## DATA PROVIDED
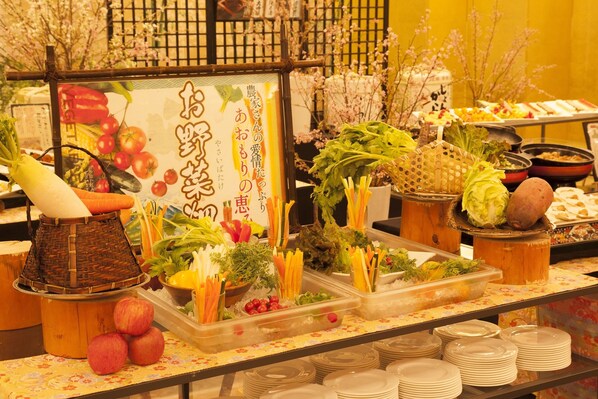 A buffet with various fruits, vegetables, and dishes.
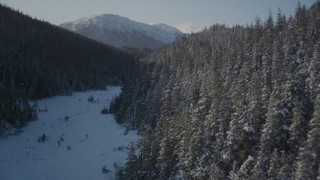 AK0001_1899 - 4K aerial stock footage flying between snow covered forested slopes, Port Wells, Alaska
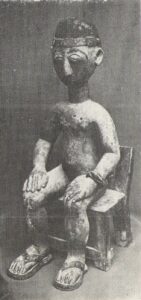 Деревянная фигура сидящего на стуле мужчины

## TASK DESCRIPTION
Your reply should consist solely of the lines from the line containing "AK0001_1899 - 4K" through the last line of the listing, unchanged and free of pictures.

## SOLUTION FOR THIS EXERCISE
 AK0001_1899 - 4K aerial stock footage flying between snow covered forested slopes, Port Wells, Alaska
 Деревянная фигура сидящего на стуле мужчины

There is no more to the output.